A apuração foi aberta após a conversão de uma Notícia de Fato que já analisava possíveis irregularidades relacionadas à publicidade dos atos legislativos. Segundo o Ministério Público, há indícios de que projetos aprovados pela Câmara não estariam sendo devidamente divulgados, o que compromete o acesso da população às informações públicas.

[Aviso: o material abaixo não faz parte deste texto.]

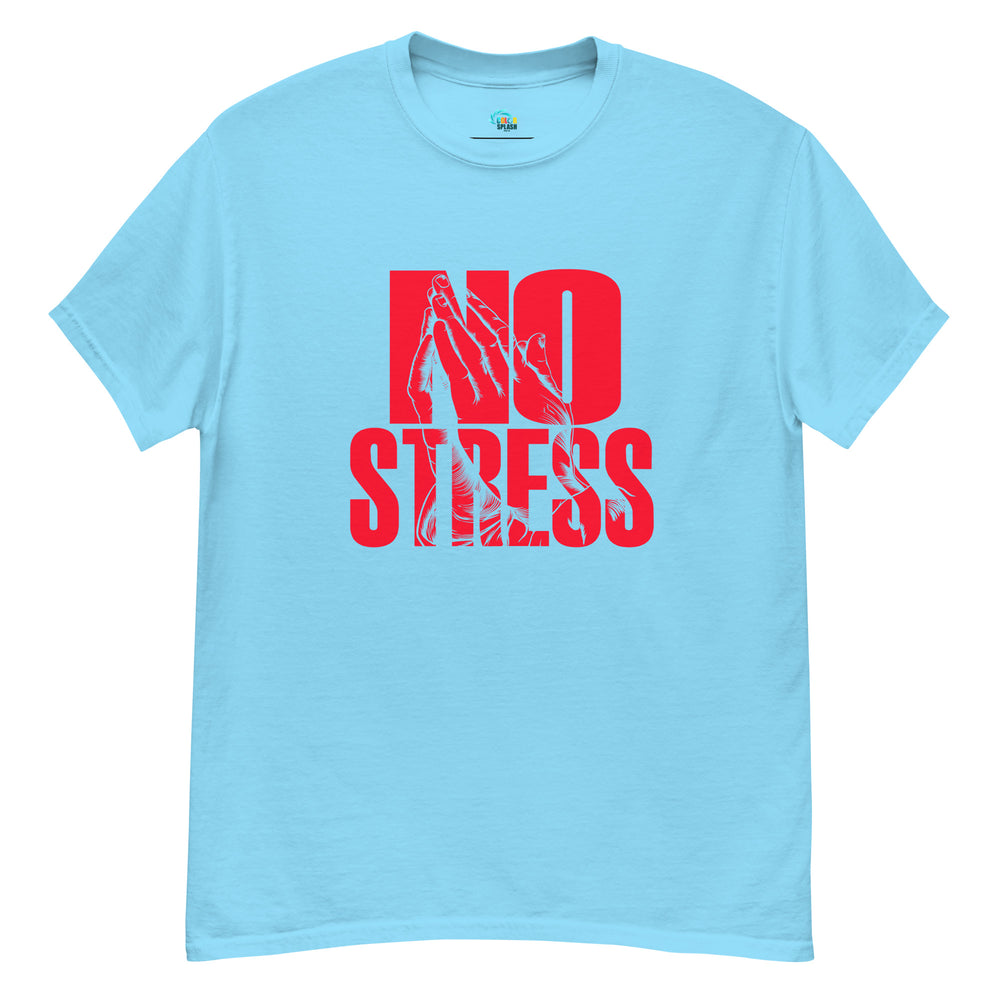 No Stress (Red Print)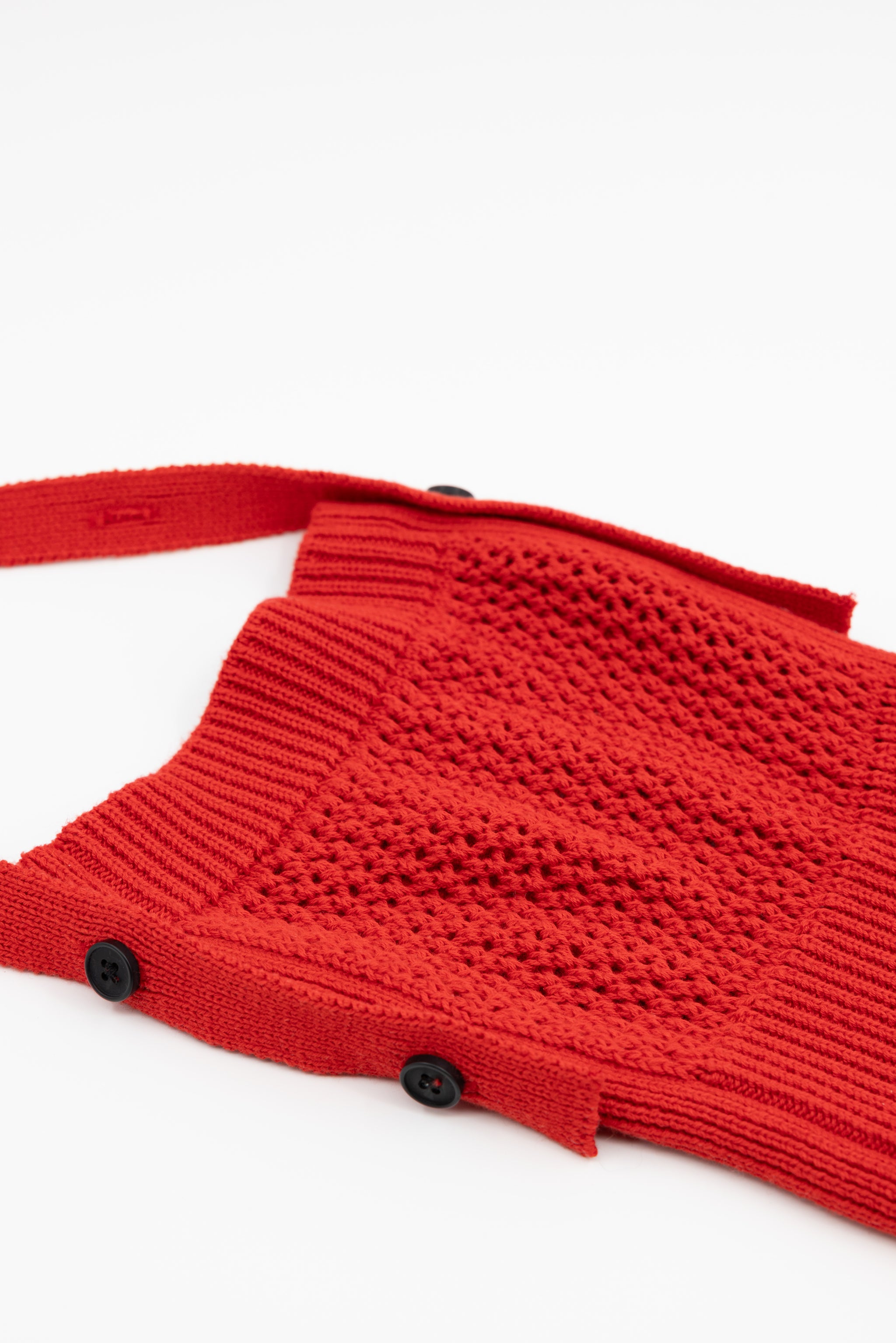 Hannover micro bag in coral red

A investigação busca verificar se a ausência de publicidade viola princípios constitucionais da administração pública, como transparência e legalidade, além de dificultar o controle social sobre as decisões do Legislativo municipal.
O procedimento também avalia se houve falhas na divulgação oficial das propostas, incluindo ausência de publicação adequada, deficiência nos canais institucionais ou omissão de informações relevantes sobre o conteúdo das leis aprovadas.
Com a instauração do inquérito civil, o Ministério Público poderá requisitar documentos, informações e adotar medidas para esclarecer os fatos e garantir o cumprimento das normas de transparência.
O caso está sob responsabilidade do promotor de Justiça Fábio Murilo da Silva Portela, responsável pela Promotoria de Justiça de Paulo Ramos.
A portaria foi publicada no dia 28 de abril de 2026, no Diário Eletrônico do Ministério Público do Maranhão.